Placing the Sun on the left, Earth in the middle and Jupiter on the right, with the lines highlighting rays of light as they reach the planets. Before we thought light was a wave, it must have travelled in a straight line. The problem arises when we consider that the Sun is millions of times larger than Earth and since light falls on the entire surface of the Earth facing towards the Sun. The entire sky should be covered with the tiny surface area size of Earth on the Sun; same as looking at the Sun point blank, no matter where you are on Earth there would be no escaping, horizon to horizon. The same rules apply to any source of light on the dark side of the Earth, a light shining directly towards an observer should be the same size be it a meter or two away, it’s not.

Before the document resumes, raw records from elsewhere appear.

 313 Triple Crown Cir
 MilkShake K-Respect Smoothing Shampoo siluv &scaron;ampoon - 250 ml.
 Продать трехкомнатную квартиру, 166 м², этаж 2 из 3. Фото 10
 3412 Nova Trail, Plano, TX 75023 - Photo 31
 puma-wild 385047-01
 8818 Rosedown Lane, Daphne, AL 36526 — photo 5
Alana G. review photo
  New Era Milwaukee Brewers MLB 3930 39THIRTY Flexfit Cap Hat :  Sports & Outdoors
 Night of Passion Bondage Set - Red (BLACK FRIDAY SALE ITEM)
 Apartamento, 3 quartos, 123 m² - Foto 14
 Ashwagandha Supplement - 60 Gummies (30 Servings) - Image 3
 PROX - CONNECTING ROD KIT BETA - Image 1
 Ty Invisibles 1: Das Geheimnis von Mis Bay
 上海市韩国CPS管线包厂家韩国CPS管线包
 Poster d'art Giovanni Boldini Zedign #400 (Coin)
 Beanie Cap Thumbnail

Optics could account for this, our eyes bend light, the brain interprets the inputs and therefore in distance objects appear smaller, this is fine to some limit. Look at the Sun, it spans from horizon to horizon, most of the light coming from a small area of Sun that Earth is facing. I doubt that out eyes could compress an image of such magnitude, especially when Earth is staring at a inconvenient one millionth piece of the Sun.
Wave and quantum theories of light offer a solution, however I’m not a nuclear scientist and wiki doesn’t seem to offer a clean interpretation of these two theories relating to optics. Following is to the best of my understanding.

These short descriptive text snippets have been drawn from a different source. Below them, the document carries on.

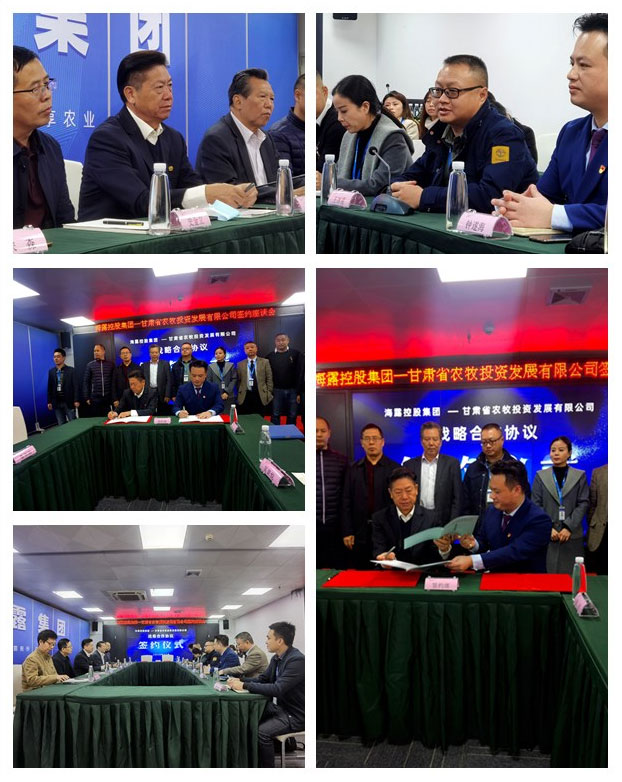 首页| 402cc永利集团中国区官方网站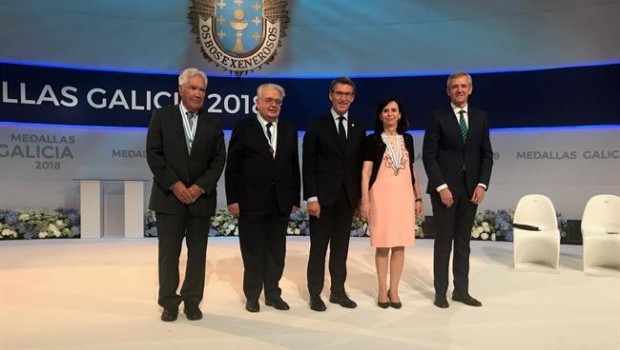 ep medallaoro galicia 2018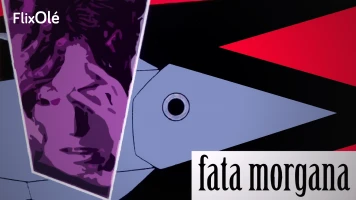 Fata Morgana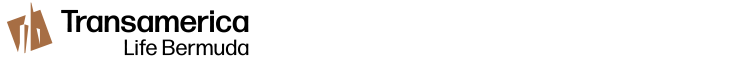 Transamerica Life Bermuda logo 2025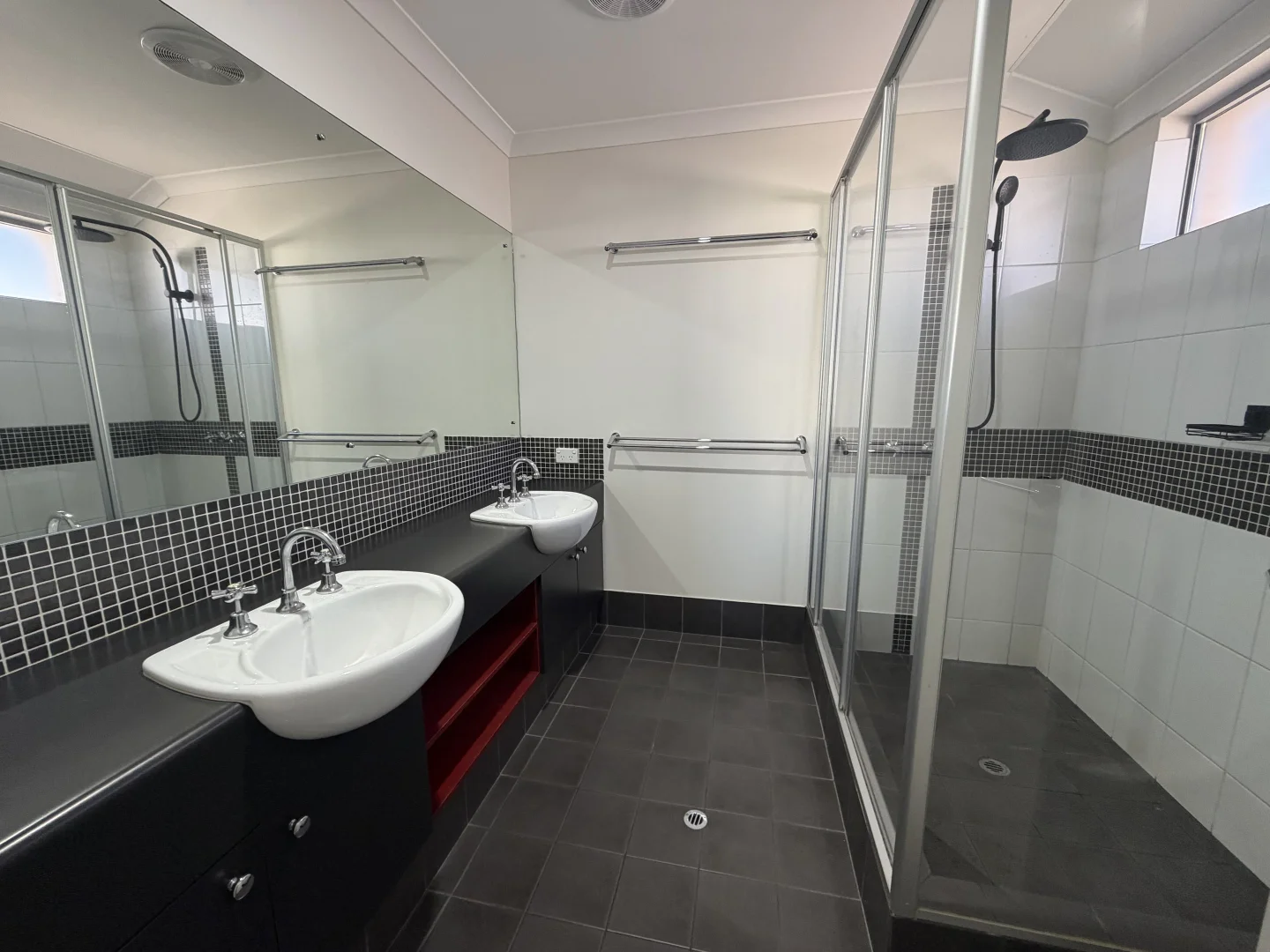 Additional image 12 of 7 Gables Green, Meadow Springs WA 6210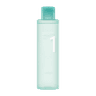 No.1 Pure-full Calming Herb Toner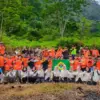 Bubud Sihabudin/radar kuningan 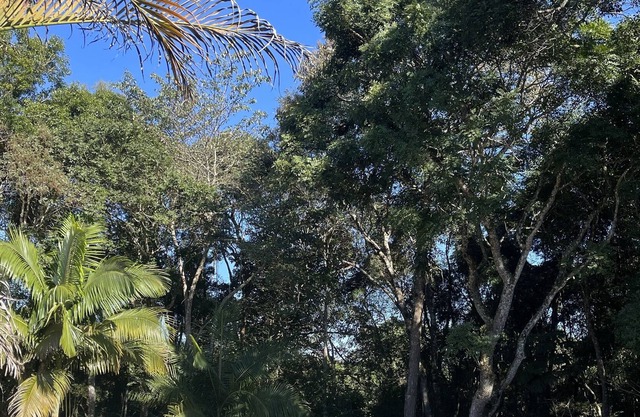 Seu paraíso no Veleiros de Ibiuna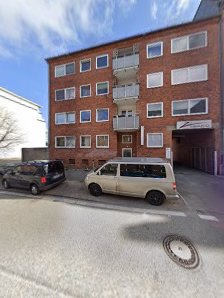 Yoga-Kiel
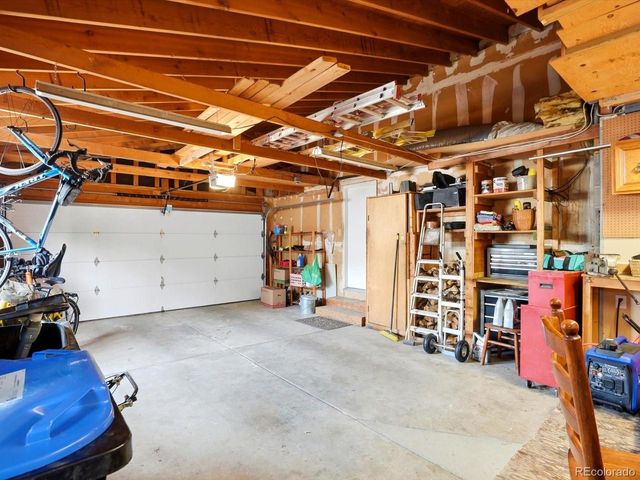 13850 W 75th Pl, Arvada, CO 80005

On the left is a source of light, as represented in wave theory, the ripples are a single light wave that is moving trough time (isolated), on the right is quantum representation of the same light source (two waves of them). To explain why the Sun doesn’t cover our entire sky, if the waves are stretching as they expand in all directions simultaneously, that expansion is the distance size relationship. Further away from the source, more stretched the wave is and a smaller amount of energy reaches our eyes. Our eyes detect the energy and wavelength of the ripples that reach them. Wavelength can be reconstructed without too much distortion from other light sources.
In quantum perspective, light becomes a particle of energy that behaves as a wave (photon), does it split to cover the distance, does it compress or stretch?